■ What you need to do ■
Each entry below is to be reproduced exactly, though any pictures it holds must be omitted.

═══ Records ═══

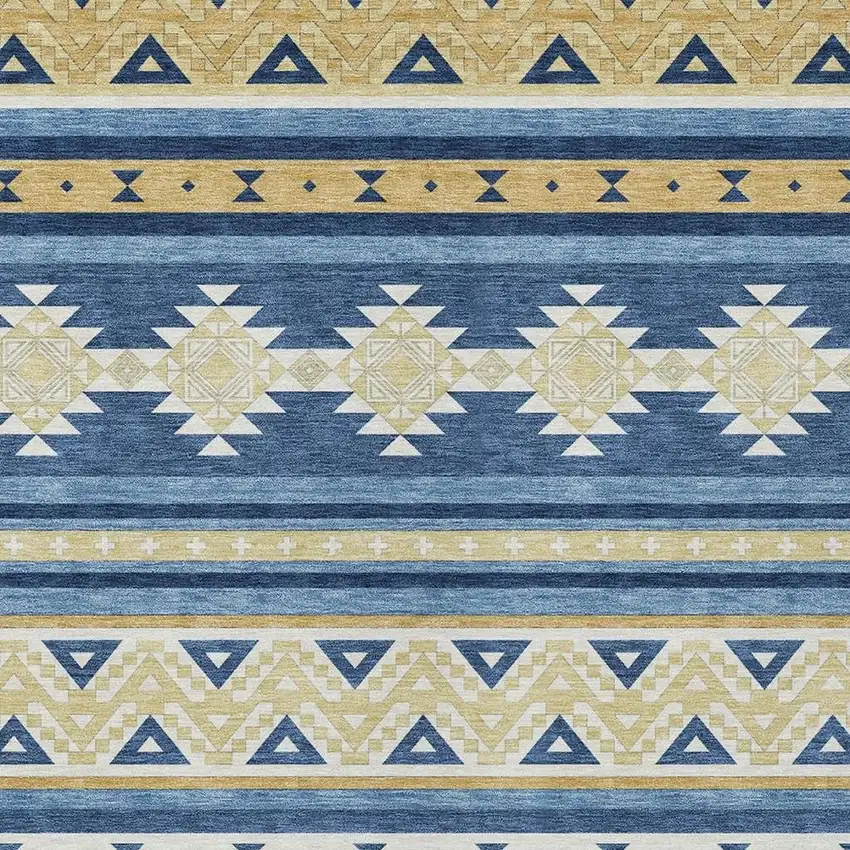 Navy Blue And Denim Blue Southwestern Washable Indoor Outdoor Area Rug Photo 3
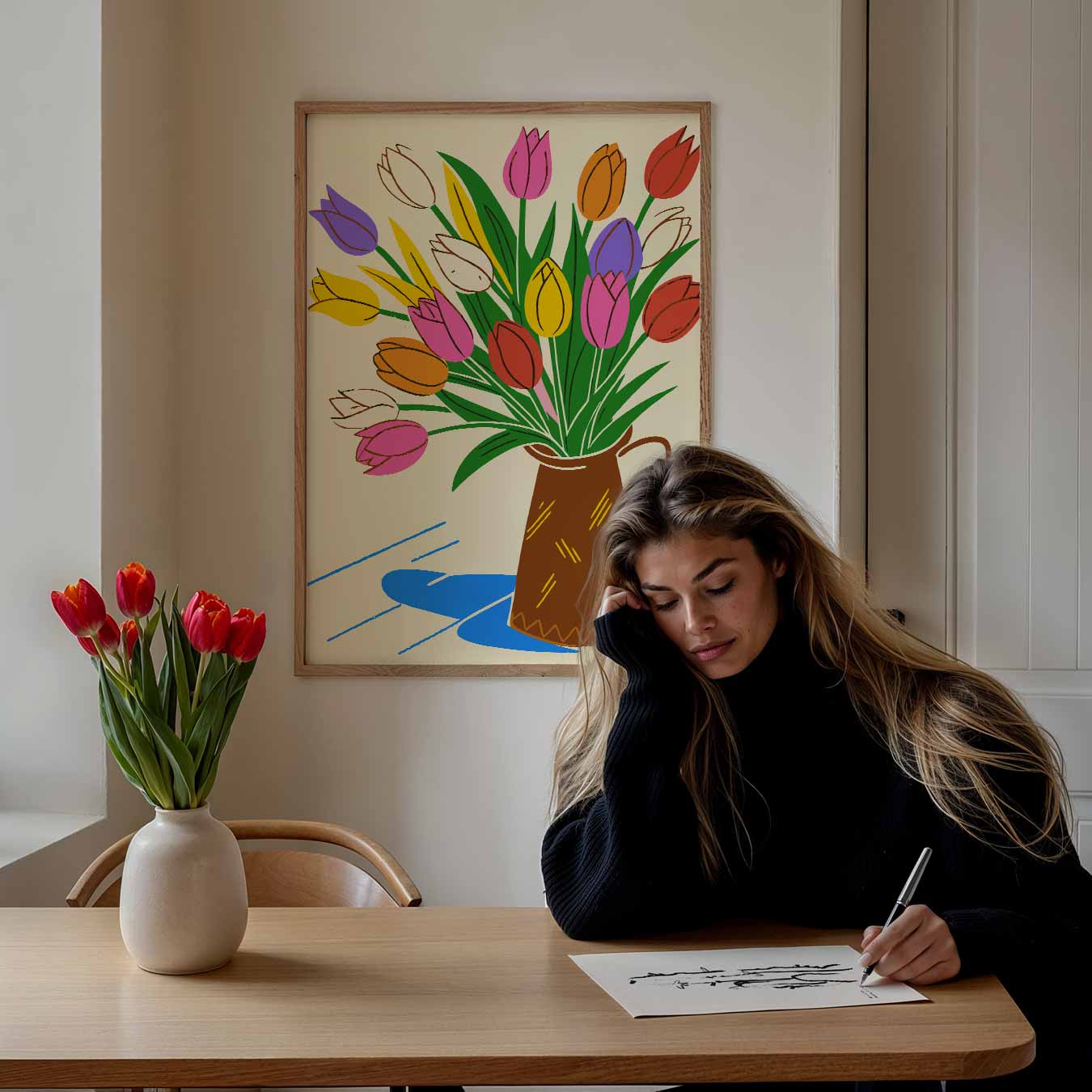 Vrolijke Tulpenposter-WallArtistic
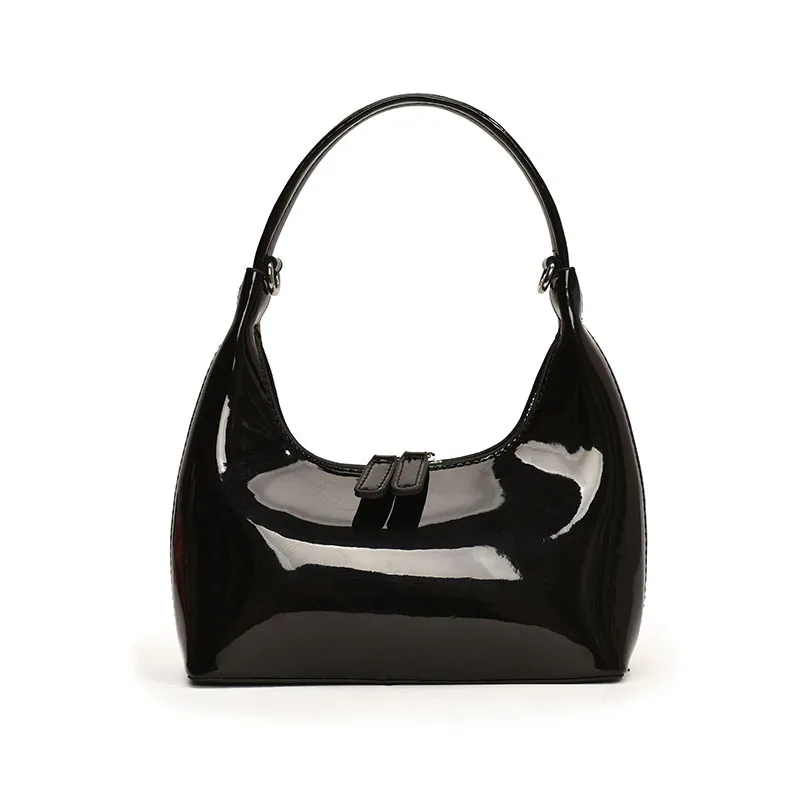 2024 Autumn New Fashion Laminated Shiny Tote Bag Cross Versatile Simple One Shoulder Cross Arm Commuter Womens Bag 2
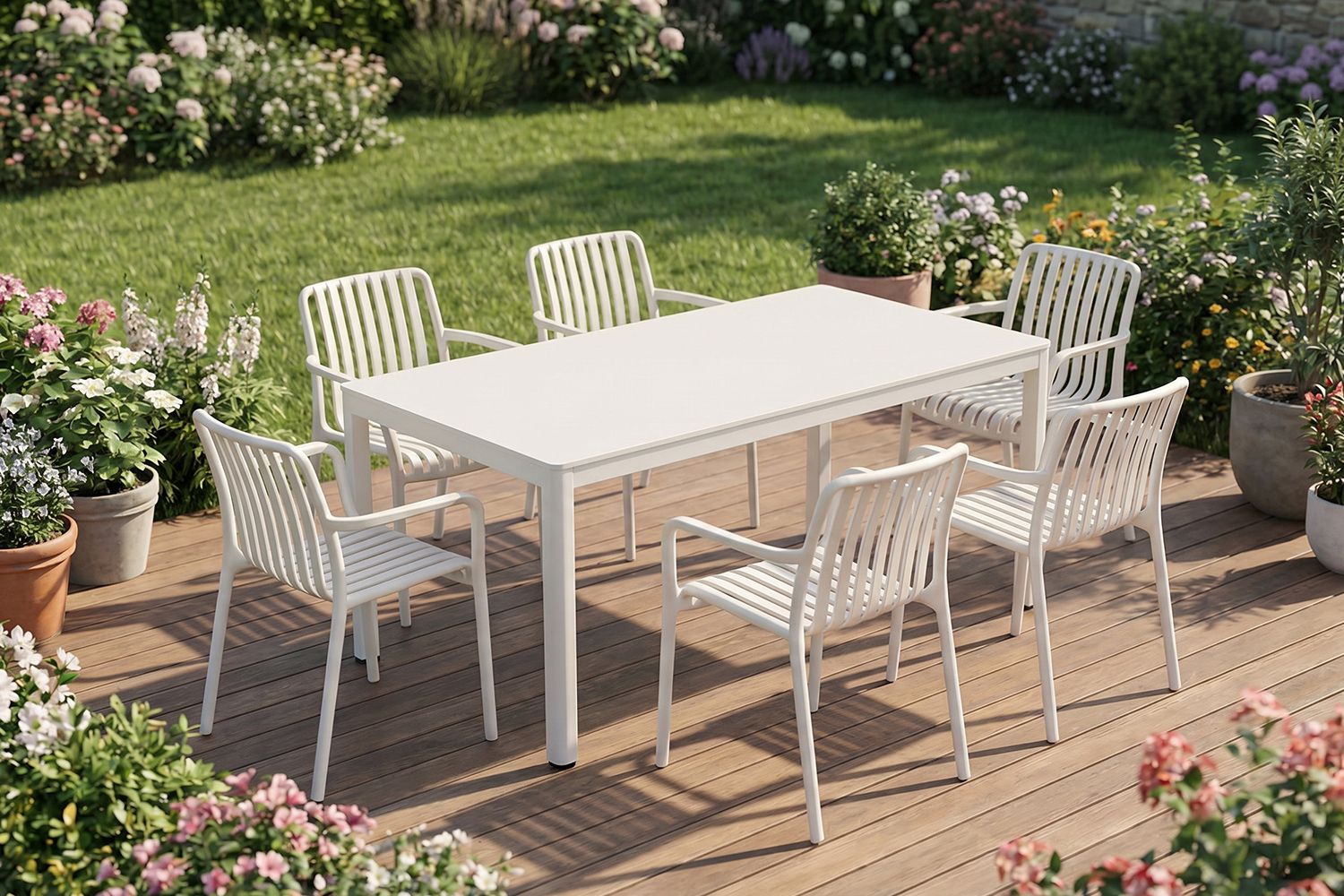 KAWOLA Gartenmöbel Set MIAVA 7-tlg. cremefarben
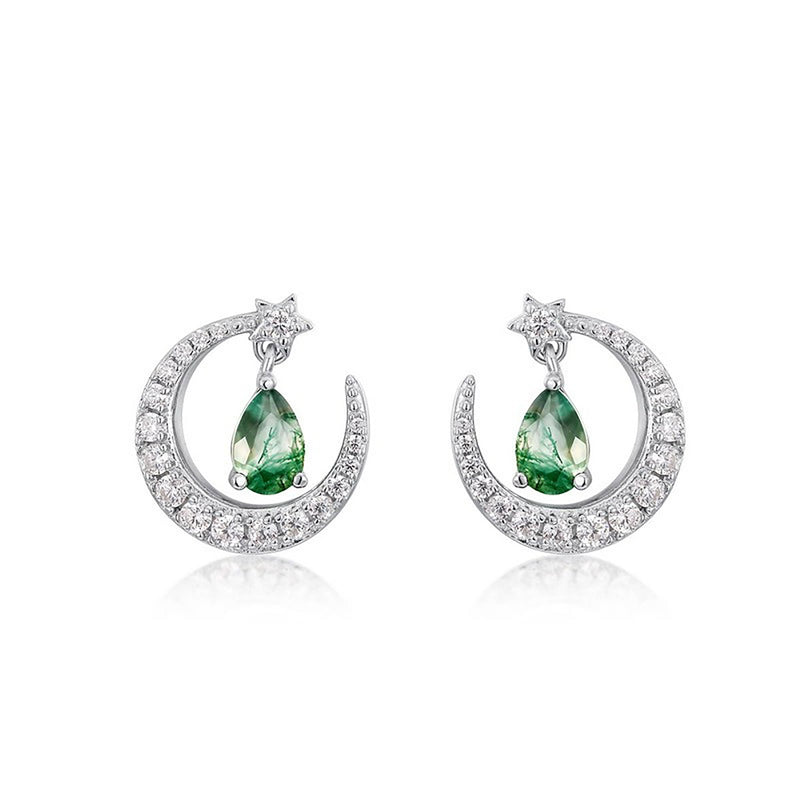 Lothilde Moss Green Moon-Star Earrings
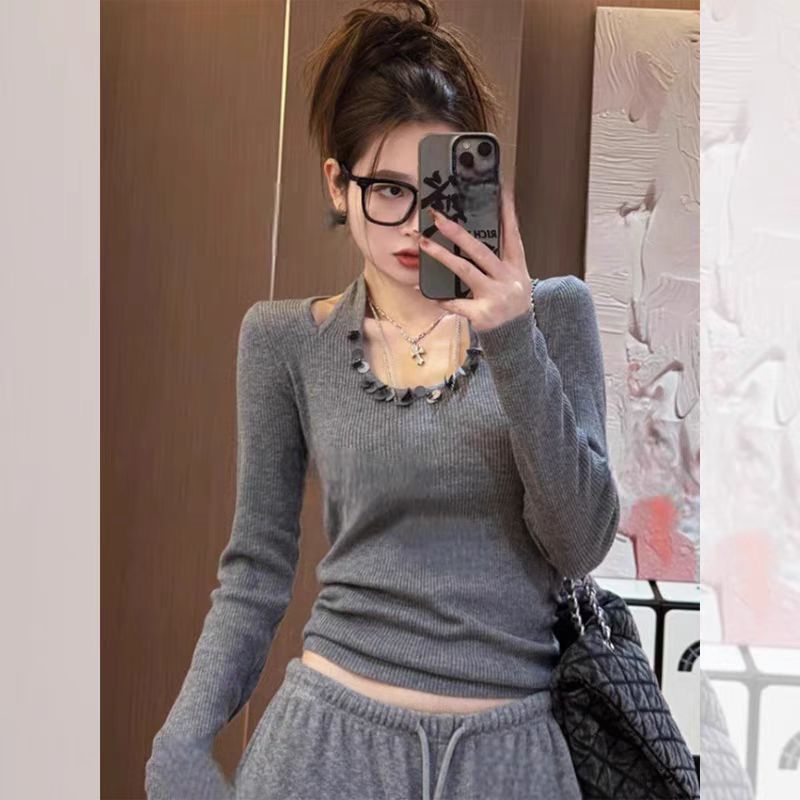 韩版高级感u领挂脖亮片针织衫打底女2025早春新款显瘦时尚长袖潮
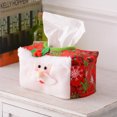 thumbnail image 3 of Inteprter Cubierta de pañuelos de Navidad, servilletero decorativo para sala de estar y dormitorio, organizador de toallas de papel lavable de Kits de decoración para fiestas Verde, 3 of 5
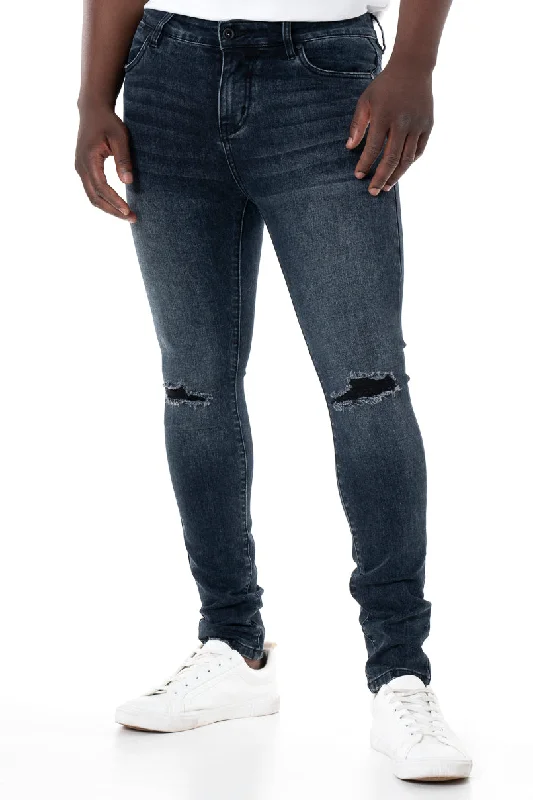 Friends and Family Sale Rf10 Rip & Repair Skinny Denim Jeans _ 140452 _ Dark Blue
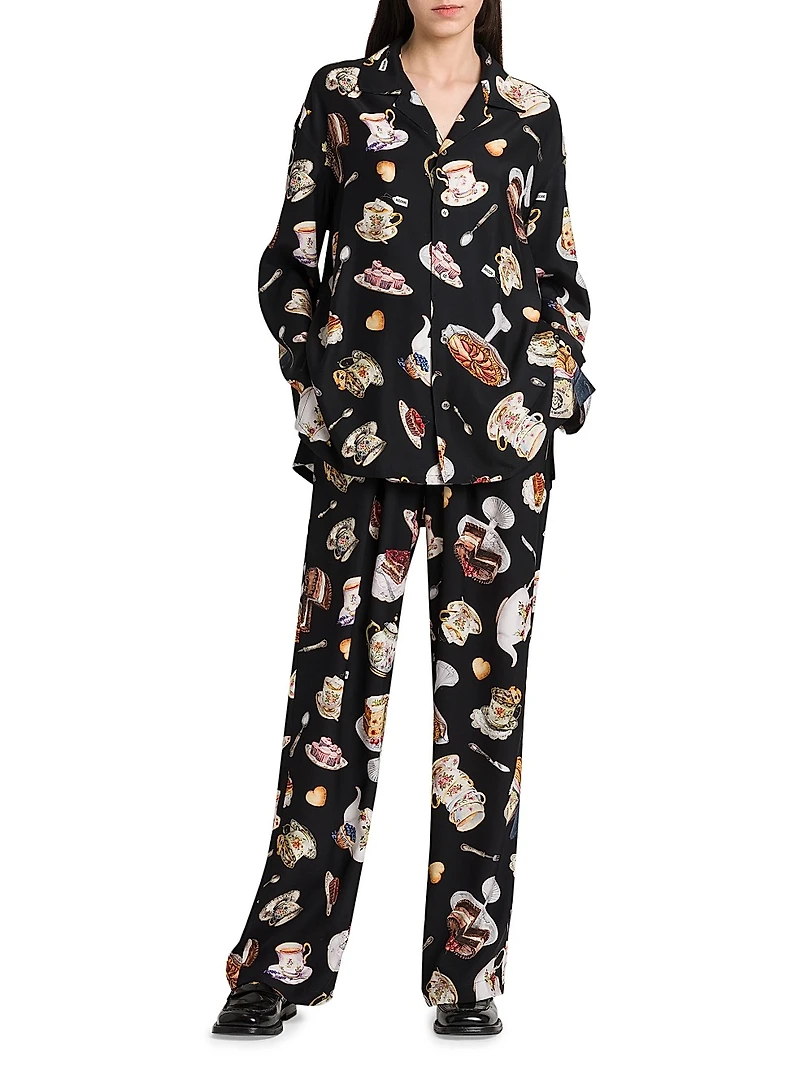 High Tea Print Silk Trousers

═══

■ Response below ■
 Navy Blue And Denim Blue Southwestern Washable Indoor Outdoor Area Rug Photo 3
 Vrolijke Tulpenposter-WallArtistic
 2024 Autumn New Fashion Laminated Shiny Tote Bag Cross Versatile Simple One Shoulder Cross Arm Commuter Womens Bag 2
 KAWOLA Gartenmöbel Set MIAVA 7-tlg. cremefarben
 Lothilde Moss Green Moon-Star Earrings
 韩版高级感u领挂脖亮片针织衫打底女2025早春新款显瘦时尚长袖潮
 thumbnail image 3 of Inteprter Cubierta de pañuelos de Navidad, servilletero decorativo para sala de estar y dormitorio, organizador de toallas de papel lavable de Kits de decoración para fiestas Verde, 3 of 5
 Friends and Family Sale Rf10 Rip & Repair Skinny Denim Jeans _ 140452 _ Dark Blue
 High Tea Print Silk Trousers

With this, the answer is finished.